___ SUPPLIED MATERIAL ___
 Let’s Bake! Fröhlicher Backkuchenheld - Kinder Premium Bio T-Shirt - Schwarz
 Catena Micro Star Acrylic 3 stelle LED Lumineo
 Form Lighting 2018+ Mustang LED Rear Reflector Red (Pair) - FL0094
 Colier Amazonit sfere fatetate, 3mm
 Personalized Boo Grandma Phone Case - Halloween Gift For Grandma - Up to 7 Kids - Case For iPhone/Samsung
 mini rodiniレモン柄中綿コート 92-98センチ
___
___ SUPPLIED MATERIAL ___
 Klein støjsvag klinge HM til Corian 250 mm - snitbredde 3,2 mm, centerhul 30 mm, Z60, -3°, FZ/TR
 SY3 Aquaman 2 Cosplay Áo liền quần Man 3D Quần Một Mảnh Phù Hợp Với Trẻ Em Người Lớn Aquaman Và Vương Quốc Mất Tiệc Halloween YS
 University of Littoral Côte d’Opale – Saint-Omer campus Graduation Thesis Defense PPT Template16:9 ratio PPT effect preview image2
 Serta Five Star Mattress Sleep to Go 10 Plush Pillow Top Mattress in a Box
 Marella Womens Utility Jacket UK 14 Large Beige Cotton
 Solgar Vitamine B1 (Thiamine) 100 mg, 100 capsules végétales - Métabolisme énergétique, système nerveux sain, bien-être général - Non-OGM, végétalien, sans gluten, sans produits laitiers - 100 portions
___
___ SUPPLIED MATERIAL ___
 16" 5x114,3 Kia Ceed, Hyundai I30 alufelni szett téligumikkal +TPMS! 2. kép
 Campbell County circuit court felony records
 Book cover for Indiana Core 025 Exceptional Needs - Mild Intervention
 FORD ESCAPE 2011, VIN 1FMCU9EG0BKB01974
___
Lines above that include the string "Halloween" need to be copied.

 Personalized Boo Grandma Phone Case - Halloween Gift For Grandma - Up to 7 Kids - Case For iPhone/Samsung
 SY3 Aquaman 2 Cosplay Áo liền quần Man 3D Quần Một Mảnh Phù Hợp Với Trẻ Em Người Lớn Aquaman Và Vương Quốc Mất Tiệc Halloween YS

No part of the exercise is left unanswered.